When we design an algorithm for encryption, we’re not devising some kind of secret code. In fact, the whole algorithm is open – it’s published, and well-known. The only part which is not known is this relatively short 128-bit piece of information – a simple, secret key. And every time you’d like to communicate, you generate a random new key, which you distribute between you and the intended recipient.
If you both have the same key, you can quite securely communicate because even if somebody intercepts your cryptograms, the task of extracting the message is pretty horrendous. And it’s probably not doable using our existing computing power: it’s more or less equivalent to randomly selecting 128 bits in sequence. So that’s 2 to the power of 128 guesses. If you consider how long this number is, you will see that in many millions of years you may eventually break it, but not now.
There aren’t many eureka moments in cryptography. Eureka is actually hard work. You design components of the algorithm, and you follow, more or less, the very well-known Shannon recipe for designing encryption algorithms. You just construct two basic modules and combine them. Obviously, the whole art, or skill, is that you’d like to get both a very fast algorithm and a very secure one. It’s easy to get very fast, but that’s often relatively insecure. And it’s also easy to get very secure, but very, very clumsy – very inefficient. Finding the middle ground is the challenge.
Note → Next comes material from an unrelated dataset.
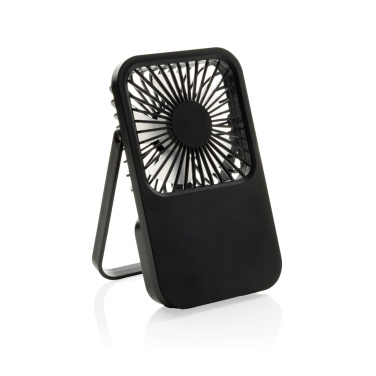 Logotrade Werbegeschenke das Foto: Aervina wiederaufladbarer Tischventilator aus RCS rec. ABS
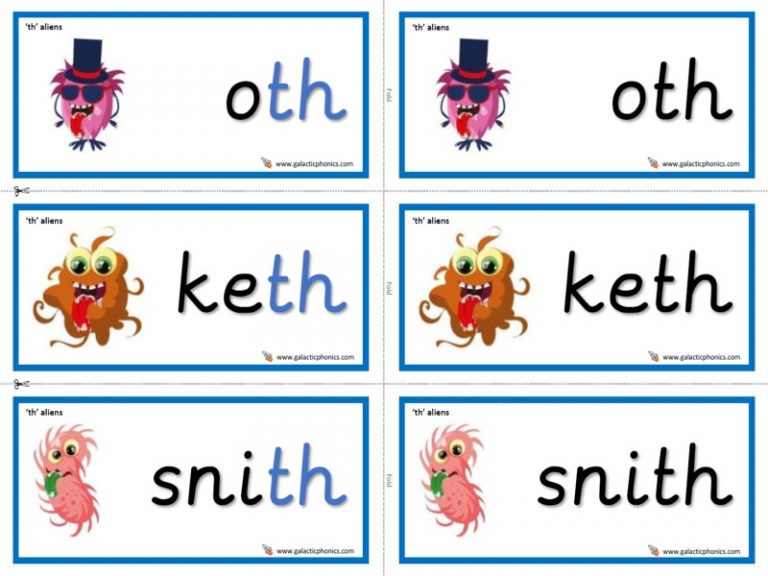 th phonics worksheets and games - Galactic Phonics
The next big challenge is designing cryptographic algorithms and protocols which are going to be resistant against quantum computers. At the moment there is an ongoing competition to create a post-quantum encryption algorithm and also digital signatures.
It has led to a substantial revolution, or evolution, of design. RSA [a public-key cryptosystem, named after inventors Rivest-Shamir-Adleman] is the classical design, which is based on mathematical problems which are intractable on classical computers – for instance, factorisation is an RSA encryption base. But this is actually easy on a quantum computer. So RSA is dead.
No, the new design must use mathematical problems that are difficult on quantum computers. And this means creating quite a few different variants of difficult problems in mathematical lattices, which is some sort of like, well … Believe me, some of the problems are so difficult that no quantum computer is able to solve them quickly.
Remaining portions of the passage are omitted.